YOUR GOAL
Every picture is to be removed, and all the data is to be copied exactly.

**** RECORDS PROVIDED ****

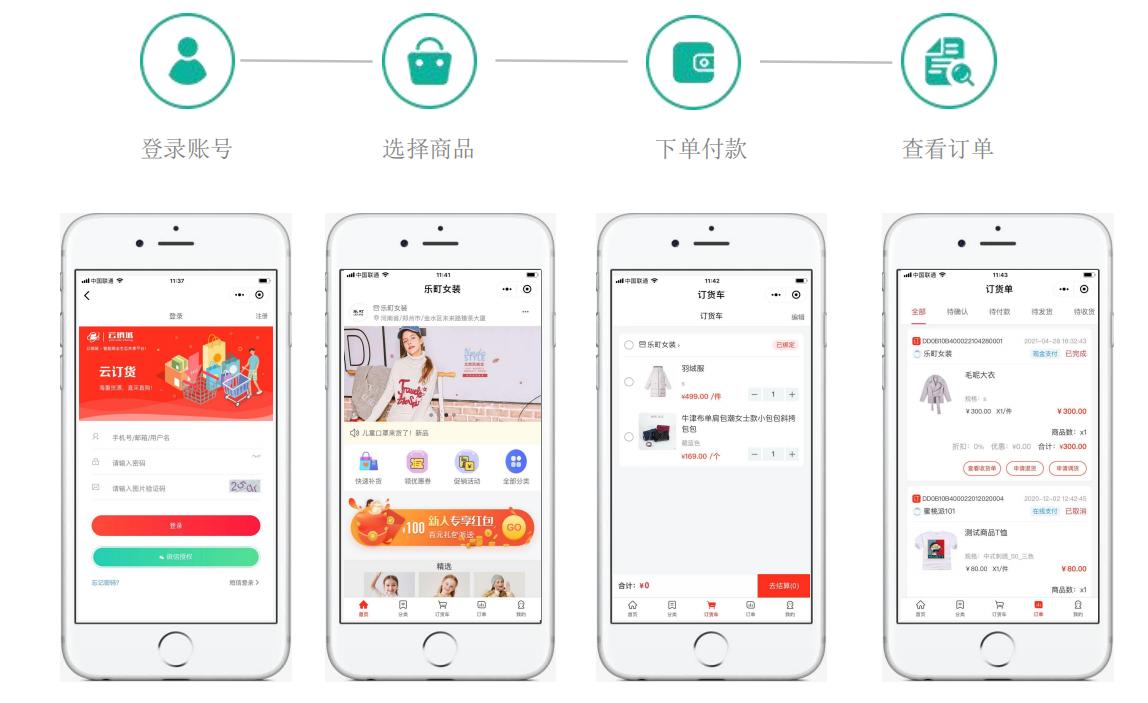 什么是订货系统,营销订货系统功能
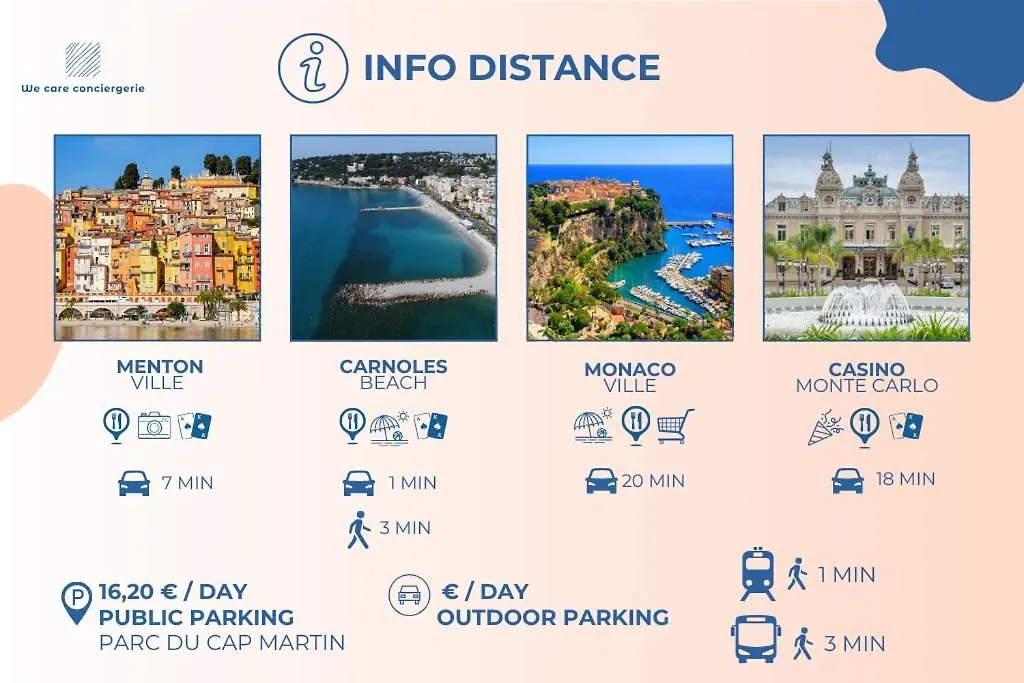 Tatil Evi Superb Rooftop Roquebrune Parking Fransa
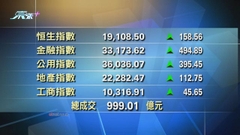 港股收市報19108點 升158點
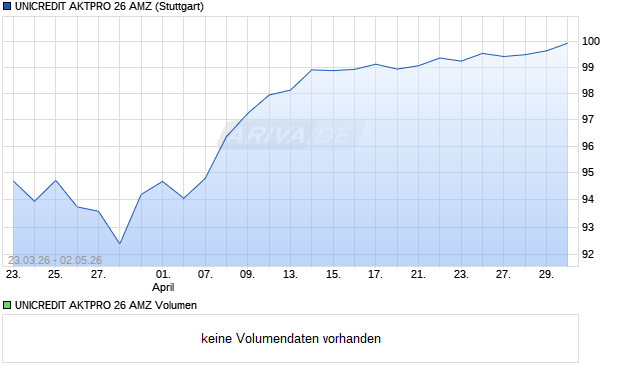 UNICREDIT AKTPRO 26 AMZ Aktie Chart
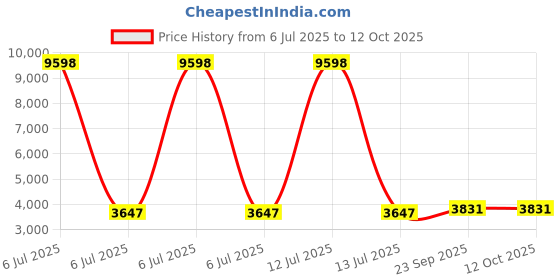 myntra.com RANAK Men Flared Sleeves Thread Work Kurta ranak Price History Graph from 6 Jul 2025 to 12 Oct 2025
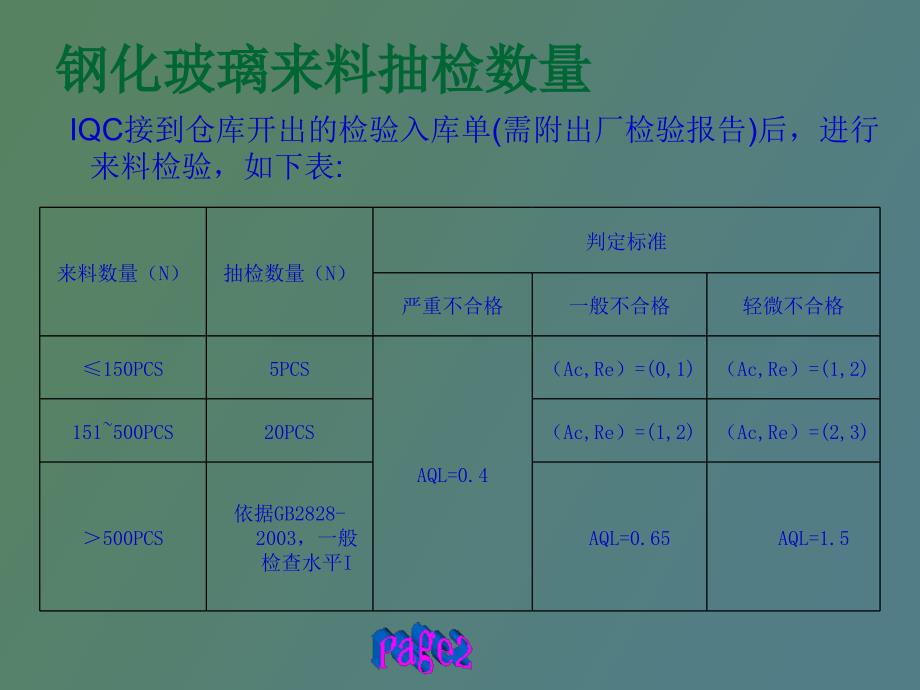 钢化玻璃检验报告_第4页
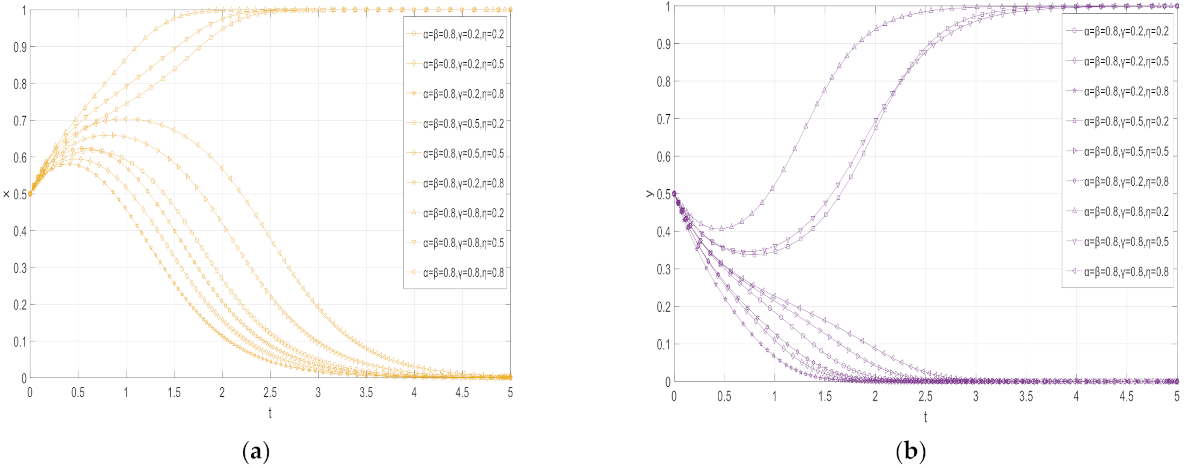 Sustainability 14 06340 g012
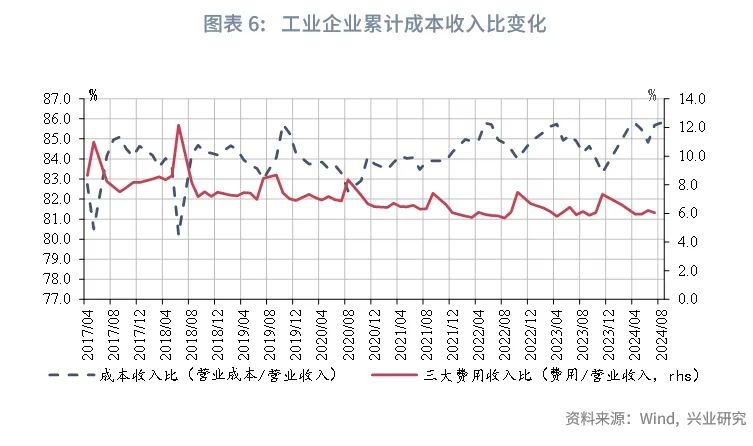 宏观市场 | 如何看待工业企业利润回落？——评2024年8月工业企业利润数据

****

SOLUTION TO THIS TASK
 什么是订货系统,营销订货系统功能
 Tatil Evi Superb Rooftop Roquebrune Parking Fransa
 港股收市報19108點 升158點
 UNICREDIT AKTPRO 26 AMZ Aktie Chart
 myntra.com RANAK Men Flared Sleeves Thread Work Kurta ranak Price History Graph from 6 Jul 2025 to 12 Oct 2025
 钢化玻璃检验报告_第4页
 Sustainability 14 06340 g012
 宏观市场 | 如何看待工业企业利润回落？——评2024年8月工业企业利润数据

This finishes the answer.